Nick Park loves girls.

Drumstick legs, cherry-colored lips, dumpling cheeks . . . everything about them he wants to eat up. But he’s dateless and has been since he discovered girls in the third grade, and he’s convinced himself that this is solely based on the fact that he’s the only Korean American teenager in Renfield—the fifth richest (and WASPiest) town in Connecticut. In Nick’s mind, he sticks out like a banana in a wheat field.

And now it’s time for him to figure it out once and for all. Is it all in his head or are his suspicions that his heritage is keeping him from a triumphant boob fest true?
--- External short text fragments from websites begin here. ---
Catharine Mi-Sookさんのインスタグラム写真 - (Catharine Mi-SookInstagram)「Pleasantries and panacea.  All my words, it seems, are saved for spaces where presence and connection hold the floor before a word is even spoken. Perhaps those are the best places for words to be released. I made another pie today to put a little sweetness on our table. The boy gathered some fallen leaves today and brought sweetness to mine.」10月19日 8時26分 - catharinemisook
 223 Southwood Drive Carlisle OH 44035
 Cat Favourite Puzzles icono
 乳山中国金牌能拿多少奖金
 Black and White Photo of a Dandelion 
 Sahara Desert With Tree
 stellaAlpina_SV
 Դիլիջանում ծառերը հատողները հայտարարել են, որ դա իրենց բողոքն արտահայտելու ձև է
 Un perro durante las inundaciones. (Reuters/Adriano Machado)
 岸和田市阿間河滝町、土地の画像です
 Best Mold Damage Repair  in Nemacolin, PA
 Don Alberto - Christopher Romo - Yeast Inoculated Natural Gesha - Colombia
An excerpt from Girls for Breakfast:
What confused me about involuntarily visualizing Miss Hamilton with no clothes on was that she wasn’t even pretty. Her nose was pointy and her frizzy hair always looked sweaty, but I couldn’t stop picturing her naked. I also couldn’t stop picturing Martha the bus driver naked every time I stepped on the bus. I was a perverted Superman. As the bell rang I silently vowed to stop staring at the Playboys at night in order to get the rest crucial to curing me. I glared at Miss Hamilton’s breasts and shook a fist at her bare butt as she faced the chalkboard. I knew in my heart I’d beat this disease.

As he reflects back on his life in upscale Renfield, Connecticut, on his high school graduation day, Nick Park wonders how much being the only Asian American in school affected his thwarted quest for popularity and a girlfriend.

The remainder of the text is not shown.